How so? Tracking scripts are often included by a script tag that points at a website. Can’t the code be updated, “deployed” to websites immediately, and take advantage of the relatively slower release cycle of Safari?

om2 · on Dec 11, 2019

Maybe I should have said that some tricks are slow to deploy.

Sometimes the publisher only embeds an image form the tracker (the famed "tracking pixel"). Getting lots of sites to change that to script is a pain. Sometimes they need to deploy new server-side tech for a workaround. For the recent CNAME cloaking trick, they have to get sites to modify their DNS and change what URL they embed script from.

_pgmf · on Dec 11, 2019

You're doing good work, thank you.

umvi · on Dec 10, 2019

2021: "Preventing Tracking Prevention Tracking Prevention Tracking"

HeWhoLurksLate · on Dec 11, 2019

[2019/12/12] [Hotfix] Pre-Emptive Tracking of Track-Preventative Tracking Users by Home Address

paggle · on Dec 10, 2019

Whether it’s a light or not, the end of the tunnel is in sight, it’s the ads becoming the content.

baroffoos · on Dec 11, 2019

This is so prevalent already. Brands disguised as users posting "content" that is mostly just an advert for their brand.

It has got to the point where any time someone posts something that seems to too clearly show a brand name or speaks too highly of a product I suspect its the PR people at work and I downvote it.

paggle · on Dec 11, 2019

The old way: tracking you as you look for snowboarding videos on the Web and advertising you a snowmobile wherever you go.

The new way: making sure that 95% of the snowboarding videos you see are subliminally designed to sell you a snowboard (the guy riding the competitors snowboard goes slower and crashes... the guy riding your company’s snowboard wins the race and his girlfriend looks like a supermodel)

I think eventually we will pine for the old way. Already you can’t get useful reviews anymore because all of the “comparison” searches are run by manufacturer mouthpieces.

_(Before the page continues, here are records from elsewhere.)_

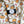 Load image into Gallery viewer, Flour Sack Towel with Pumpkin Patch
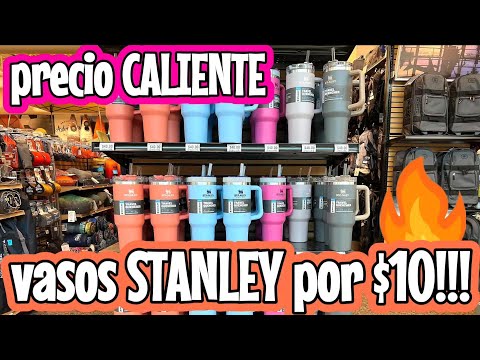 vaso STANLEY quencher x $10!!! 🔥🔥 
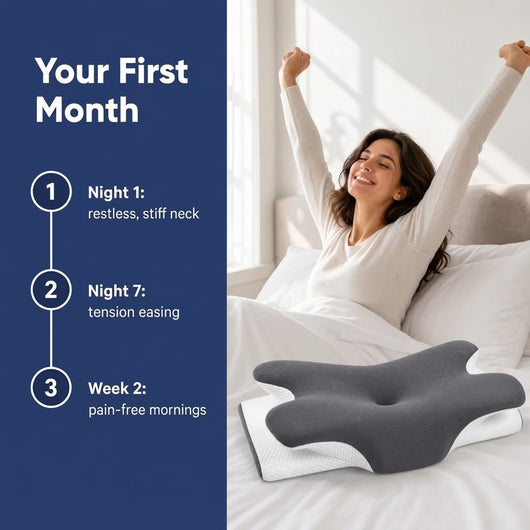 Novum Ergonomic Pillow
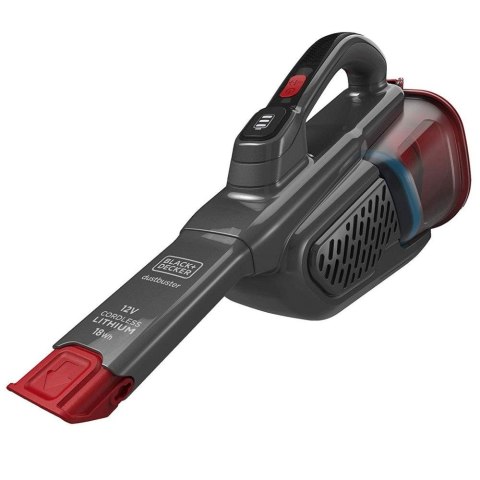 BLACK & DECKER Vacuum Cleaner | BHHV315B-QW | Cordless operating | Handstick | 12 V | Gray/Red BLACK & DECKER Vacuum Cleaner | BHHV315B-QW | Cordless operating | Handstick | 12 V | Gray/Red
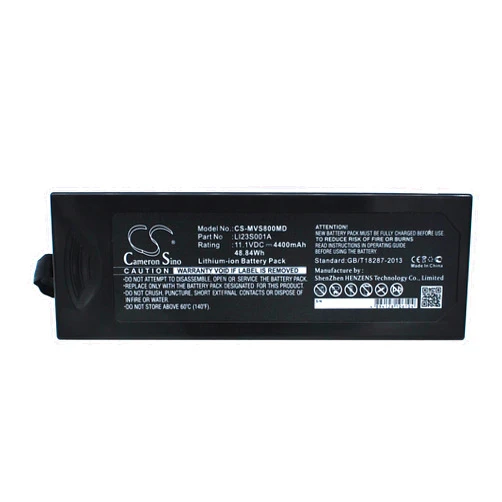 BORNMIO Replacement for WATO EX-50 WATO EX55 WATO EX-55 WATO EX60 WATO EX-60 WATO EX65 WATO EX-65 LI23S001A Battery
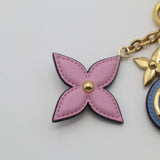 LOUIS VUITTON LV ルイヴィトン M00363 ポルトクレ プレッピー バッグチャーム キーホルダー ok1721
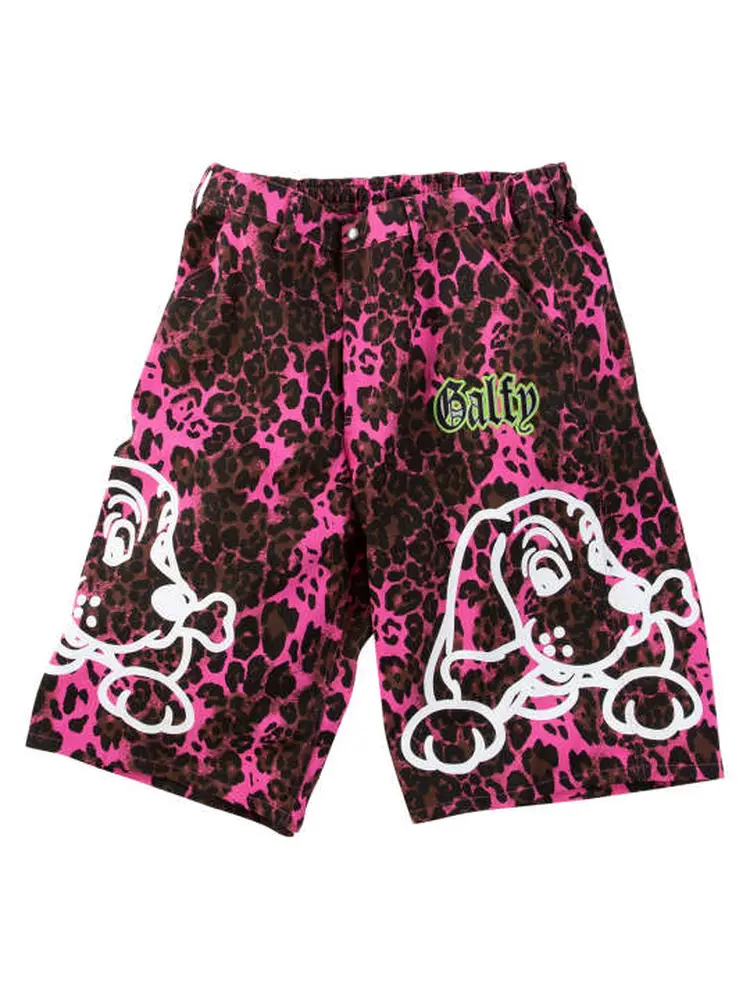 ピンク 【GALFY】GALひょうちゃんハーフパンツ ＊カタログ商品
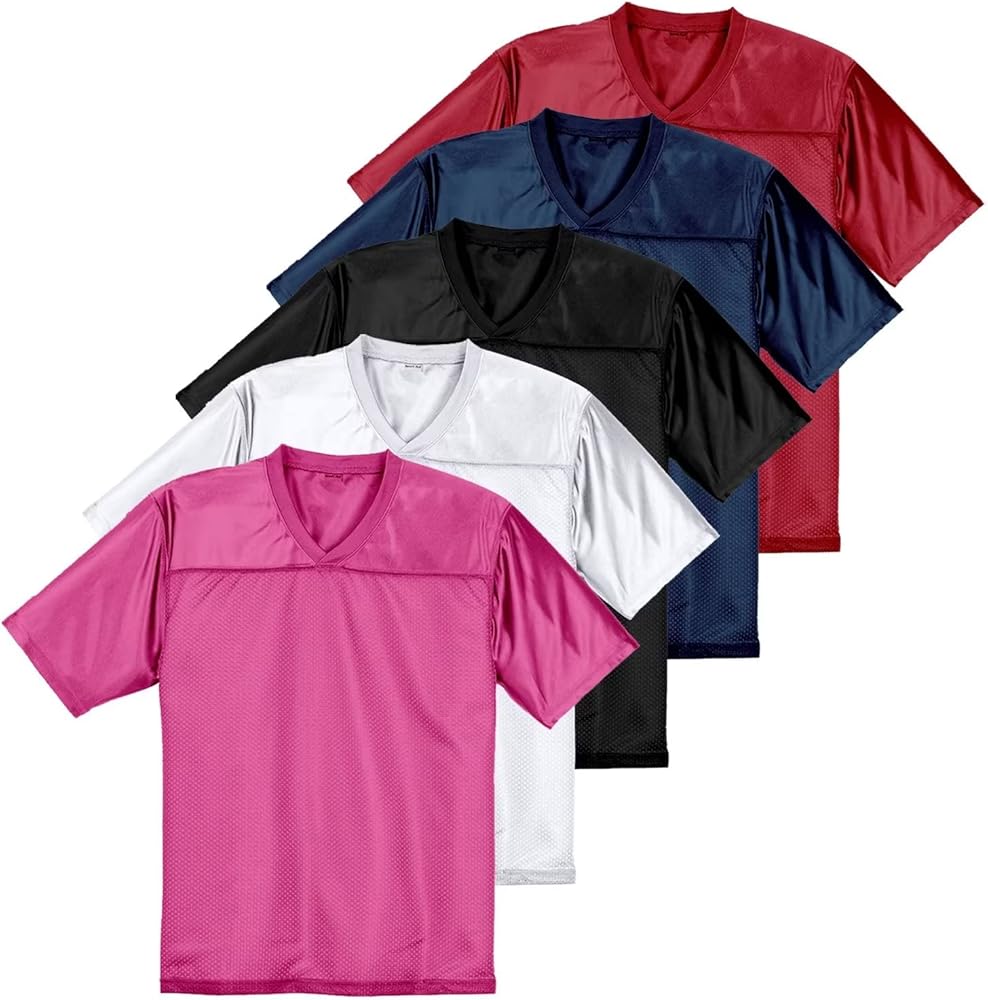 Shop Blank Football Jerseys: Adult & Youth Sizes Available Now.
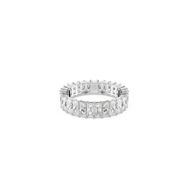 Swarovski 5693407 Matrix Ring White-Rhs 52 Yüzük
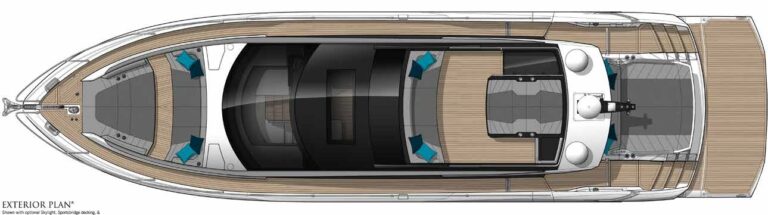 Flybridge layout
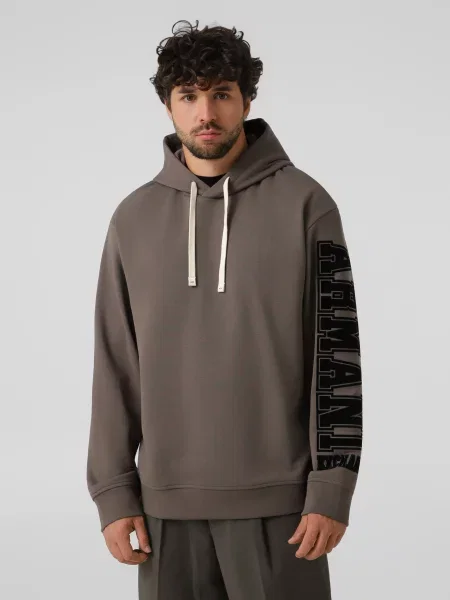 Худі Armani Exchange коричневий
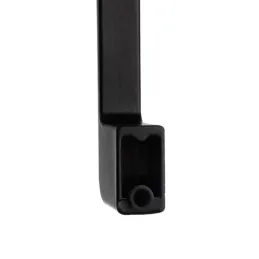 Maniglia di design SIGMA / Nero opaco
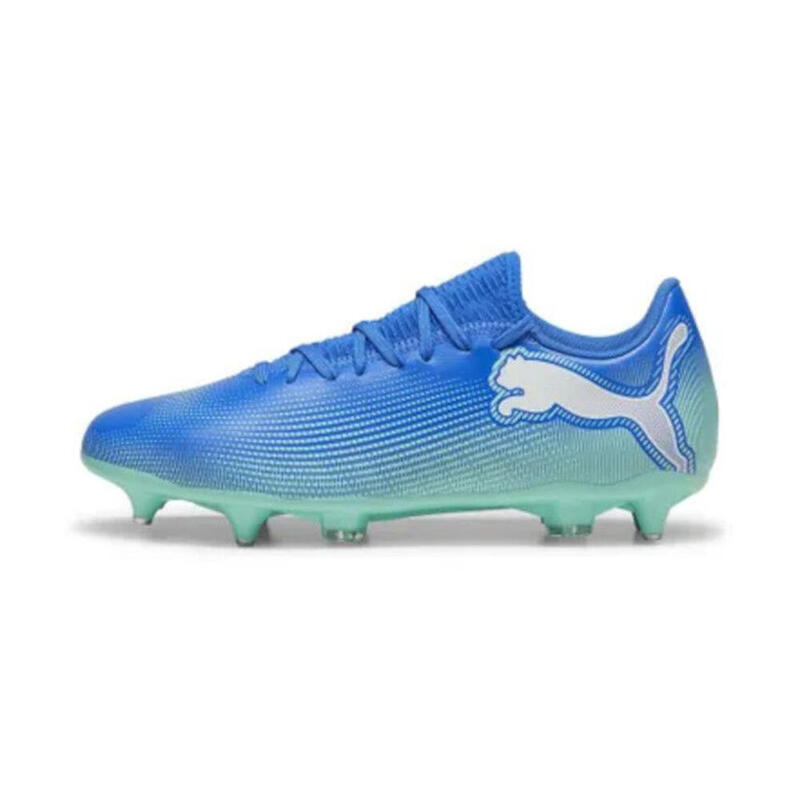 Voetbalschoenen Puma Future 7 Play Mxsg Blauw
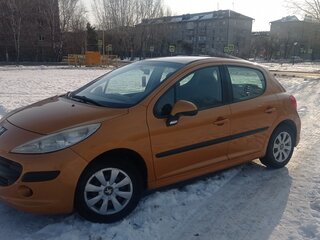 2008 Peugeot 207 I, оранжевый, 500000 рублей, вид 1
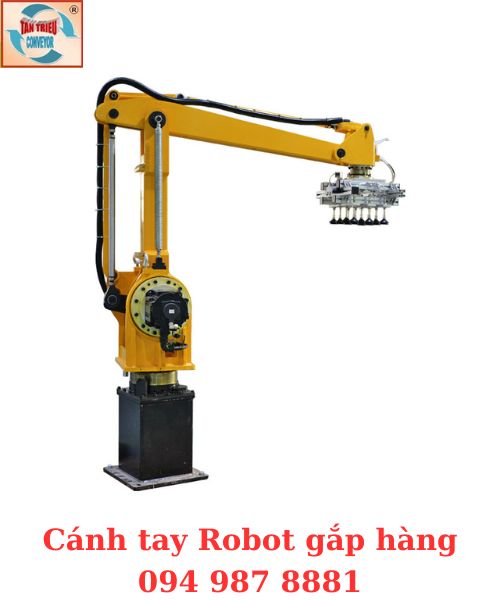 Cánh Tay Robot Gắp Hàng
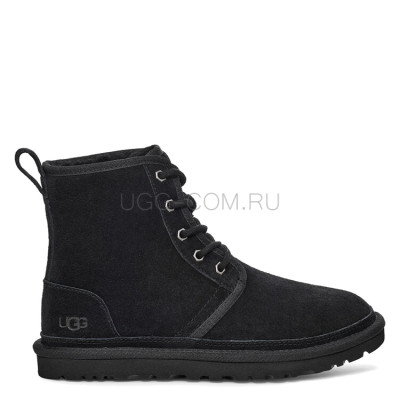 Mens Neumel High Black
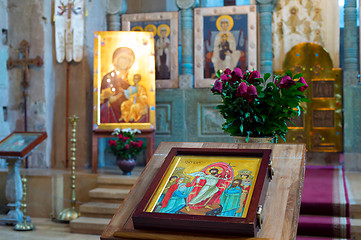 Image showing Georgia church altar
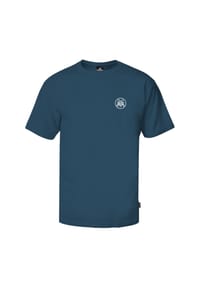 OLDSKULL - T-Shirt Basic Samurai mit Samurai Logo - Dark green
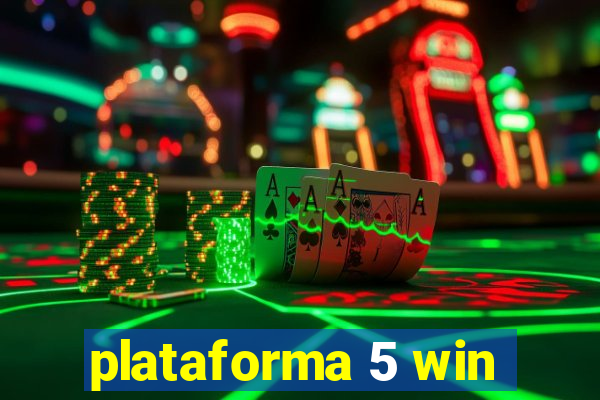 plataforma 5 win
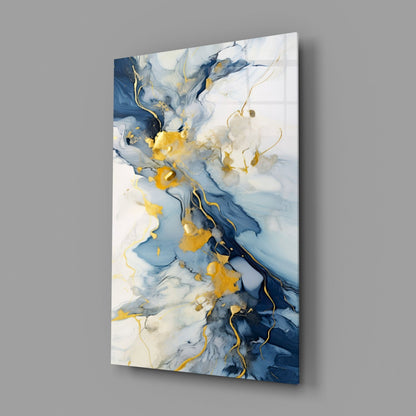 Marble Glass Wall Art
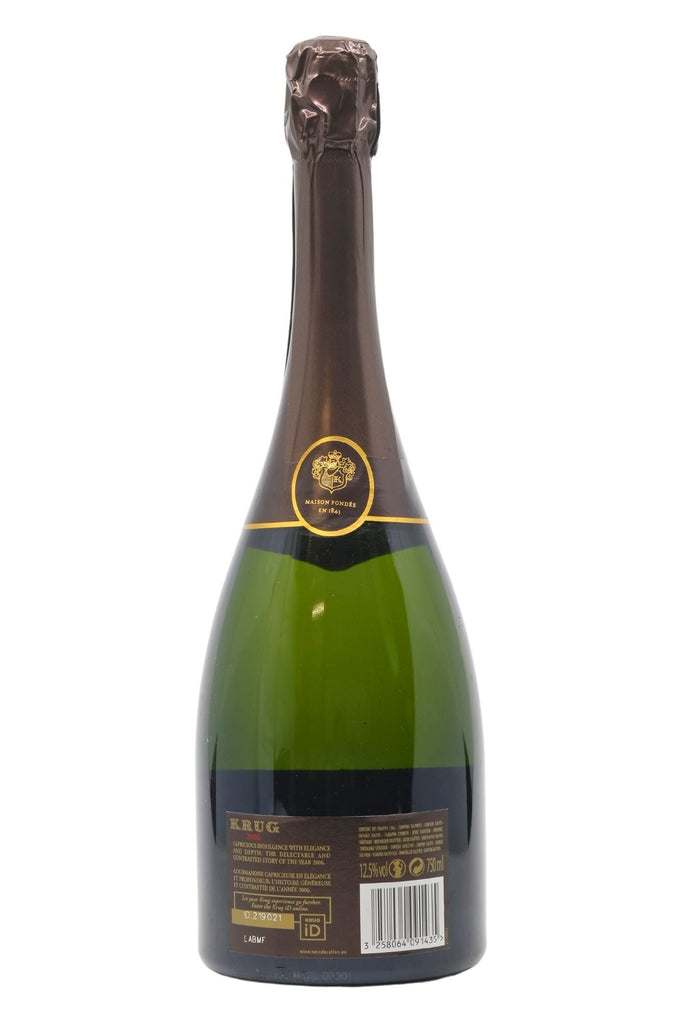 Krug Vintage 2006 Champagne - James J. Fox, Dublin
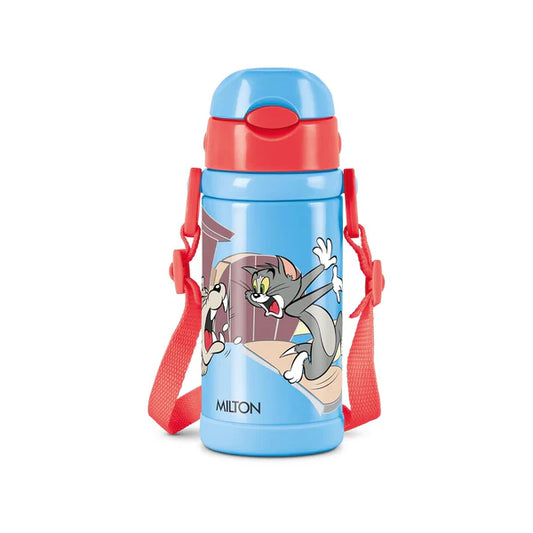 Milton Charmy 350 Thermal Vacuum Insulated Bottle with Straw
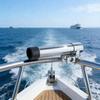 Fishing Rod Holder, Stainless Steel Clamp on Rod Holder, Rail Mount Fishing Poles Holder for Rails 22-25mm,25-32mm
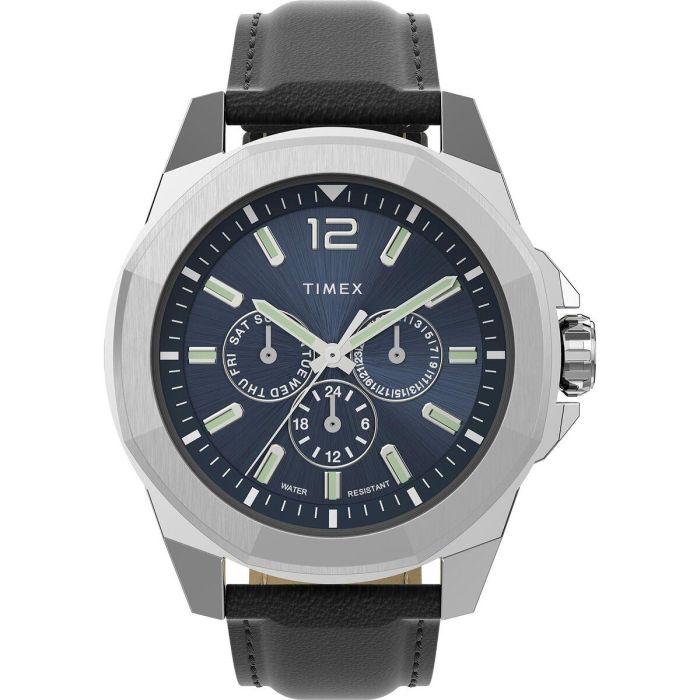 Reloj Hombre Timex ESSEX AVENUE Negro (Ø 44 mm) Reloj Hombre Timex ESSEX AVENUE Negro (Ø 44 mm)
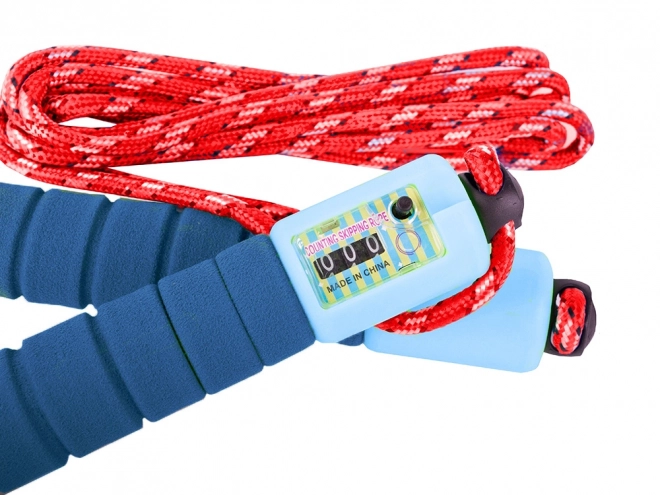 Adjustable Jump Rope with Counter for Fitness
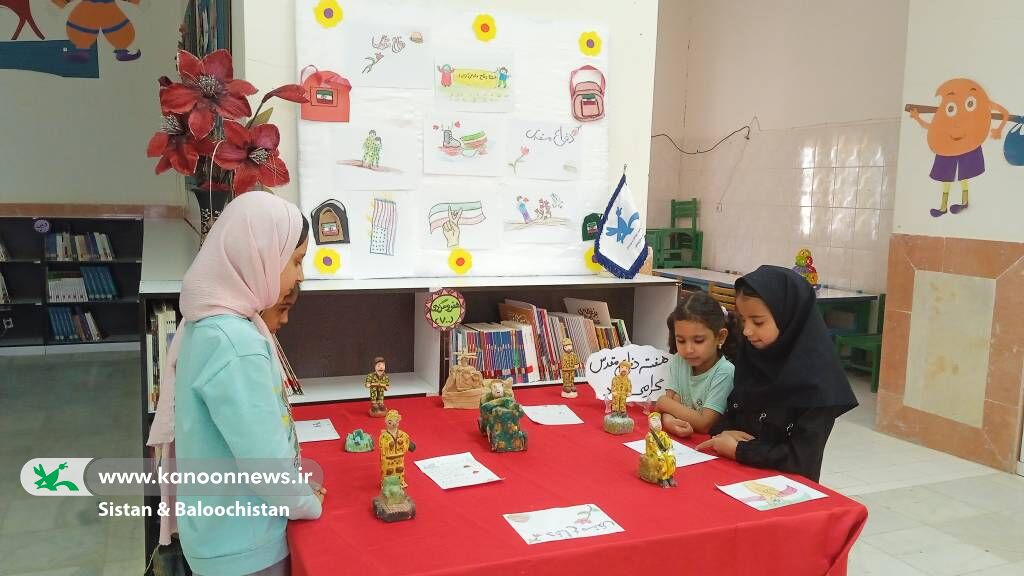 هفته دفاع مقدس در مراکز فرهنگیهنری کانون سیستان و بلوچستان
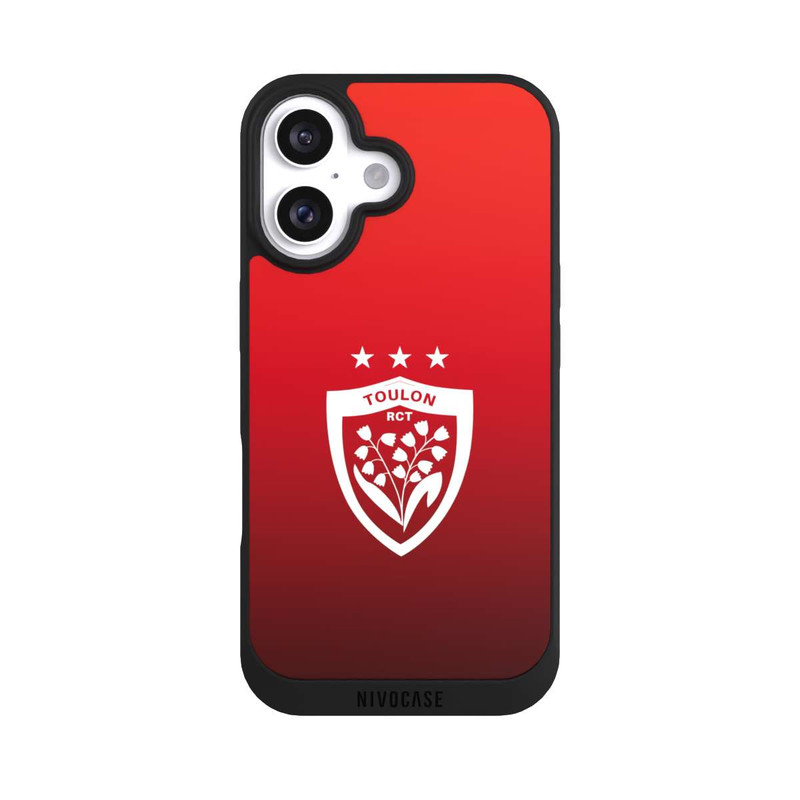 iPhone 16 NIVOpure RCT Rot and Weiß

baroffoos · on Dec 11, 2019

>I think eventually we will pine for the old way. Already you can’t get useful reviews anymore because all of the “comparison” searches are run by manufacturer mouthpieces.

Absolutely. A lot of reviews these days from google results read like someone who has only ever read the feature list from the marketing page. There is a bit of a search engine hack where you just put "reddit" after any search and it brings up fairly real results for now.

perl4ever · on Dec 12, 2019

I find reviews useful anyway. I simply ignore the "good" reviews and always look at the worst ones. There are three kinds of bad reviews - people who had random bad stuff happen (postal service broke it) that is irrelevant and think everyone should know - people with some sort of vendetta (possibly disgruntled employees, or competitors, or crazy customers) - and finally, people who actually had a bad experience that might be characteristic of the product's quality or design.

If the third category can be used to construct a narrative about something that is a deal-breaker, then that's the information I'm looking for. Of course, it has to be taken in context of the competitors.

My expectation is that the best products have some type (I) and type (II) bad reviews, but no type (III). Almost as good is something with type (III) that are about something that either doesn't matter to me or is actually a positive from my perspective.

rhizome · on Dec 17, 2019

I'm pretty good at finding decent reviews. I'd never post my process on a public forum, but I apparently don't have as much trouble avoiding sponcon as a lot of others.

paggle · on Dec 11, 2019

If people are doing that, it’s fairly certain that there are marketers maintaining “humanoid” Reddit accounts which then chime in with opinions on Bluetooth headphones.

baroffoos · on Dec 11, 2019

No doubt. So far the only defense against crap products is buying them from a physical store so you can test and easily return them and having a good warranty.

applecrazy · on Dec 11, 2019

There’s a marketing term for it, too. It’s called “native advertising.”

rhizome · on Dec 17, 2019

"Native advertising" was originally ads that were served by the site itself, first-party. It's advertisers who have co-opted it (yet again), but that doesn't mean you have to go along with their preferences. Typing isn't hard and "sponcon" (sponsored content) is already perfectly cromulent jargon, as well as being shorter.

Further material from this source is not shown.